- EXERCISE AIM -
Reproduce exactly the entries from the "Industrial Automation & Control" line to the end. Skip all pictures.

- SUPPLIED RECORDS -
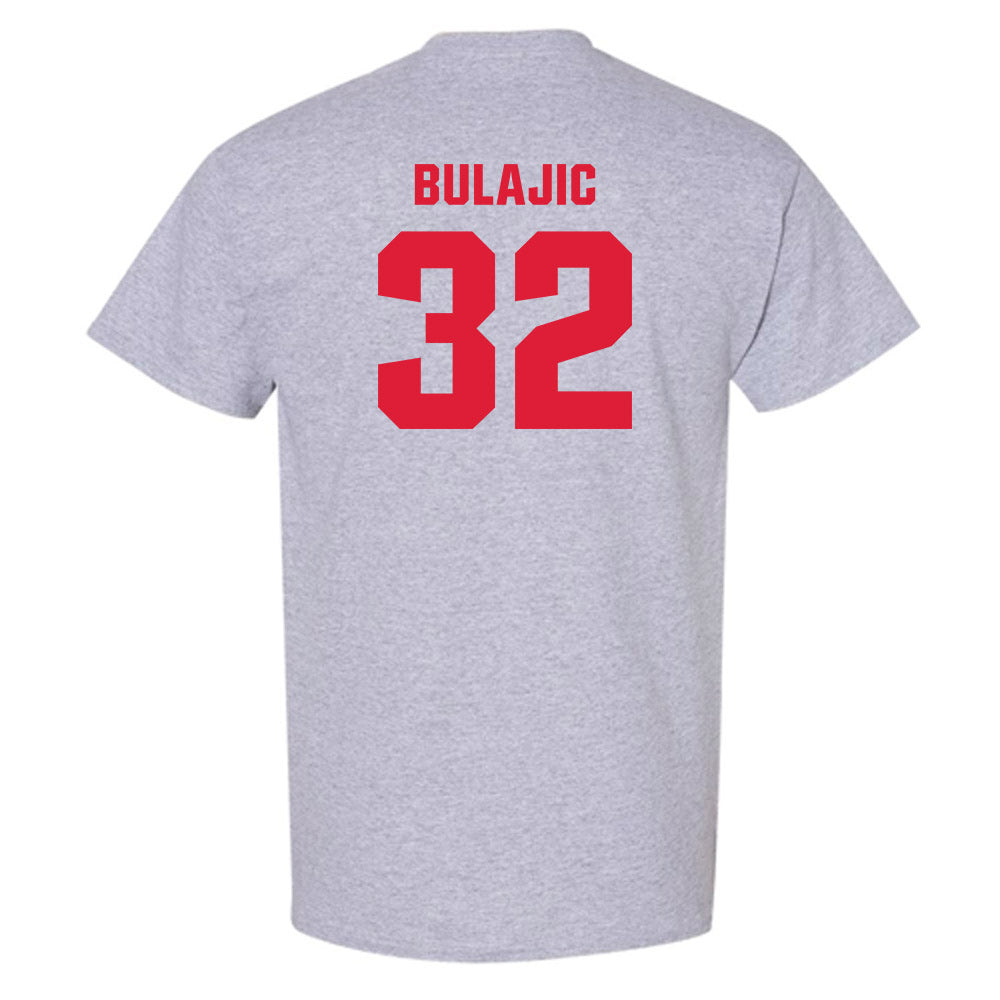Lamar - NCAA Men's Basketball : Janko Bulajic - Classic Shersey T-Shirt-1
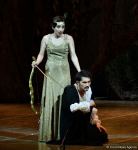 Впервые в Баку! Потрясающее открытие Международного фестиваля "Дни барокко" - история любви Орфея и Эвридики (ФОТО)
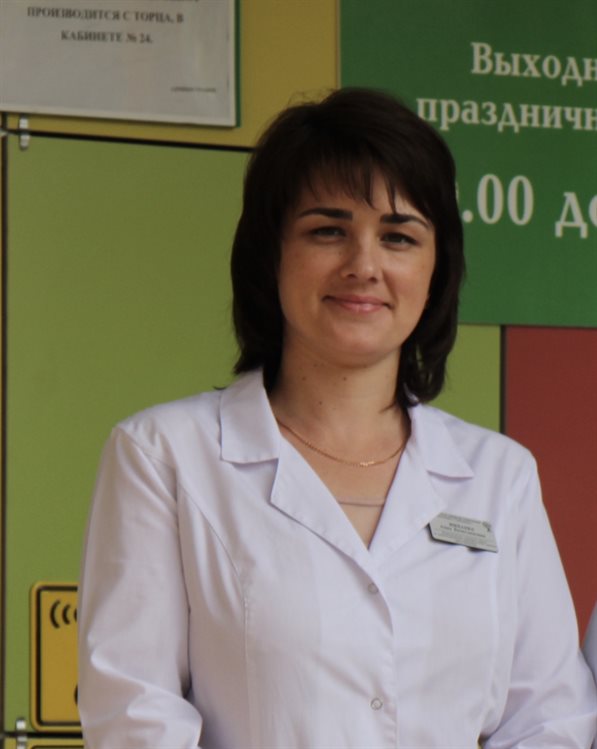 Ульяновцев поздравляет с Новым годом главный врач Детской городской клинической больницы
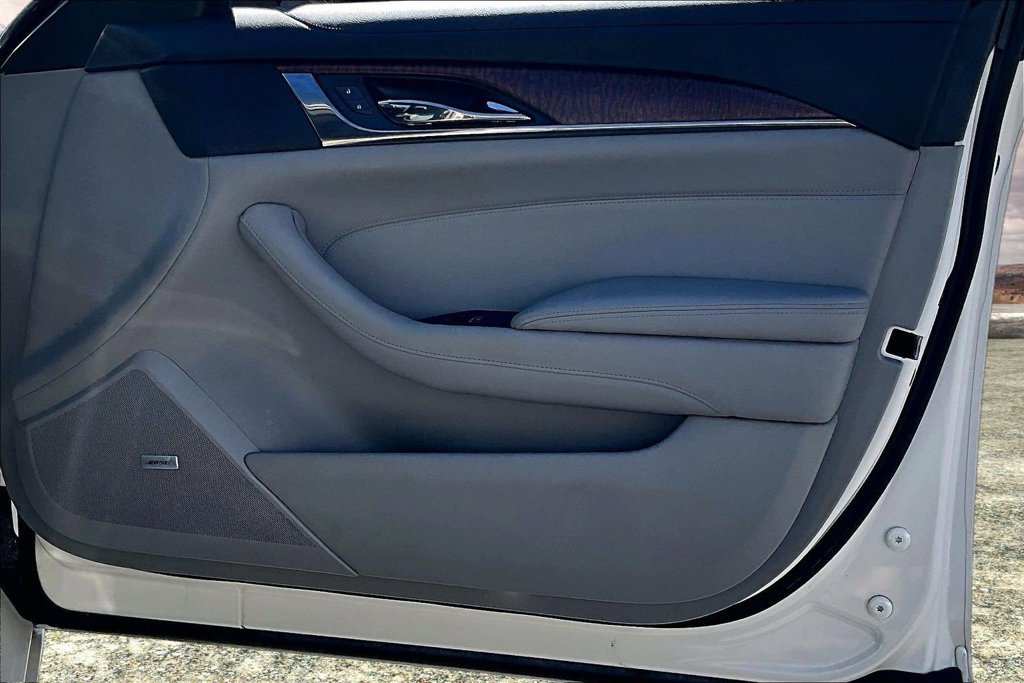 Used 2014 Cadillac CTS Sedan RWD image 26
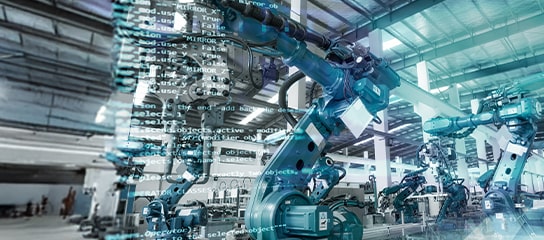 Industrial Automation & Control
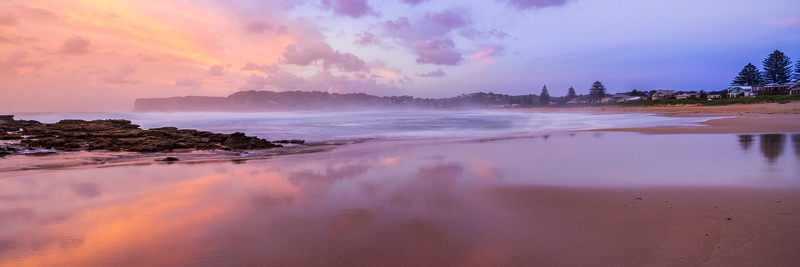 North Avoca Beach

- EXERCISE RESPONSE -
 Industrial Automation & Control
 North Avoca Beach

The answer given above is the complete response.